2. i primi due motivi, che possono essere esaminati congiuntamente per connessione, sono fondati;

questa Corte ha affermato il principio (v. Cass. n. 4960 del 2023), al quale va data continuità, secondo cui, in caso di azione promossa dal lavoratore per l’accertamento dell’abuso risultante dall’utilizzo di una successione di contratti a tempo determinato, il termine di impugnazione previsto a pena di decadenza dall’art. 32, comma 4, lettera a), della legge n. 183 del 2010, deve essere osservato e decorre dall’ultimo (ex latere actoris) dei contratti intercorsi tra le parti, atteso che la sequenza contrattuale che precede l’ultimo contratto rileva come dato fattuale, che concorre ad integrare l’abusivo uso dei contratti a termine e assume evidenza proprio per far accertare l’abusiva reiterazione; pertanto, la vicenda contrattuale può «rilevare fattualmente», in particolare, «come antecedente storico che entra a fare parte di una sequenza di rapporti e che può essere valutato, in via incidentale, dal giudice» (cfr. Cass. n. 22861 del 2022, resa in materia di contratti a termine nell’ambito di rapporti di lavoro in somministrazione, ma che sul punto può trovare applicazione rispetto alla fattispecie in esame; conf. Cass. nn. 23490, 23494, 23499, 23531 e 29570 del 2022), al fine di verificare se la reiterazione dei contratti del lavoratore con lo stesso datore di lavoro abbia oltrepassato il limite legale di durata, sì da realizzare una elusione degli obiettivi della direttiva 1999/70/CE, atteso che «quando si sia verificato un ricorso abusivo a una successione di contratti di lavoro a tempo determinato, si deve poter applicare una misura che presenti garanzie effettive ed equivalenti di tutela dei lavoratori al fine di sanzionare debitamente tale abuso ed eliminare le conseguenze della violazione del diritto comunitario» (CGUE, causa C- C-53/04, M.S.); in precedenza v. pure Cass. n. 8038 e 37752 del 2022;

la Corte territoriale non si è attenuta a tale principio, in quanto non ha accertato se, rispetto all’ultimo contratto a termine ritualmente impugnato, fosse stato o meno superato il limite massimo dei 36 mesi, cumulato con i rapporti di lavoro a termine precedenti, secondo la disciplina tempo per tempo vigente;

3. il terzo motivo è, invece, inammissibile perché evoca il vizio di cui al n. 5 dell’art. 360 c.p.c. per un fatto processuale inerente l’interpretazione degli scritti difensivi della parte, mentre il fatto decisivo rispetto al quale può lamentarsi l’omesso esame tale da determinare la cassazione della sentenza impugnata deve avere natura sostanziale (cfr. Cass. SS.UU. nn. 8053 e 8054 del 2014)

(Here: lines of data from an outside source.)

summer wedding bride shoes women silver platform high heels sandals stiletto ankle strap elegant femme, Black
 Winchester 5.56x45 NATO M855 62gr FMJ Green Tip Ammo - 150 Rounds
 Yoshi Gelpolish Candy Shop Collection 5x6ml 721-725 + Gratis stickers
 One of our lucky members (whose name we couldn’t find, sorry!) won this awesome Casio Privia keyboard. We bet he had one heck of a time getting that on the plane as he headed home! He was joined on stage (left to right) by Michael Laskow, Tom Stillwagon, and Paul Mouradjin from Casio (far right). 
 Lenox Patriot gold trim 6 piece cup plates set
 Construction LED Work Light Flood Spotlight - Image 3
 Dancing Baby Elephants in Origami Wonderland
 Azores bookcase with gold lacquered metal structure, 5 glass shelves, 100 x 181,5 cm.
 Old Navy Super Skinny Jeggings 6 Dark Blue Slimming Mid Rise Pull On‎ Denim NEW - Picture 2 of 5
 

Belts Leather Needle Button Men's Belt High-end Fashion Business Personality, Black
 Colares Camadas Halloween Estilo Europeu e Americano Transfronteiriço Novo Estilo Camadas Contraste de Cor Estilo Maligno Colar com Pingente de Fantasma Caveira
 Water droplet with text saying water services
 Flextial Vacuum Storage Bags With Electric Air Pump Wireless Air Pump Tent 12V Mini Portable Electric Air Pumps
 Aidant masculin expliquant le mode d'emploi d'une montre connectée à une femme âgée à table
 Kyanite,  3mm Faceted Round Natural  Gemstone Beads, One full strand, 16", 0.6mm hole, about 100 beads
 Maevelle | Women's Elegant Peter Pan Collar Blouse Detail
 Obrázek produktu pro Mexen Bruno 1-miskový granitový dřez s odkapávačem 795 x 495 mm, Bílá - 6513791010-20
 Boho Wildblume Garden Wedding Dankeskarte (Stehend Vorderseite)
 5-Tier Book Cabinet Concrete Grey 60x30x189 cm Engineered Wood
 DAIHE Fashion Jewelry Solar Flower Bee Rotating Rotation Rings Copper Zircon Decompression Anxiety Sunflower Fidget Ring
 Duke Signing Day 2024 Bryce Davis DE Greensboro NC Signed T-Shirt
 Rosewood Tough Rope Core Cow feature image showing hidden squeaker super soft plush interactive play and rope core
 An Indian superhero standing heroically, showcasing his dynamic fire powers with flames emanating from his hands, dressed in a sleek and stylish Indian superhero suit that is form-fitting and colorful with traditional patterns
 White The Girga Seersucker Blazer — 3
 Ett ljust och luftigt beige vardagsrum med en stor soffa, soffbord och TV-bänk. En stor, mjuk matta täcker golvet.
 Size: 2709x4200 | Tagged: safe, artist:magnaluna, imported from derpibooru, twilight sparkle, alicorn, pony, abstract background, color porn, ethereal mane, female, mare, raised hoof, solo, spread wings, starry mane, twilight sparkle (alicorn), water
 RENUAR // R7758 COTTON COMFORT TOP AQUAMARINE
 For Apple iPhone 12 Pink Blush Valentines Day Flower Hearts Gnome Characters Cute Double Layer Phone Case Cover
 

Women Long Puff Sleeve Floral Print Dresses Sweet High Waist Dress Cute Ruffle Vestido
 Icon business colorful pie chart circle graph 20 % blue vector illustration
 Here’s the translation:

4. conclusivamente vanno accolti il primo e il secondo motivo del ricorso, dichiarato inammissibile il terzo, con cassazione della sentenza impugnata in relazione alle censure ritenute fondate e rinvio alla Corte indicata in dispositivo, che provvederà a nuovo esame uniformandosi a quanto statuito e liquidando le spese anche del giudizio di legittimità;

P.Q.M.

Accoglie il primo e il secondo motivo di ricorso, dichiara inammissibile il terzo, cassa la sentenza impugnata in relazione ai motivi accolti e rinvia alla Corte di Appello di Trieste, in diversa composizione, anche per le spese […]”.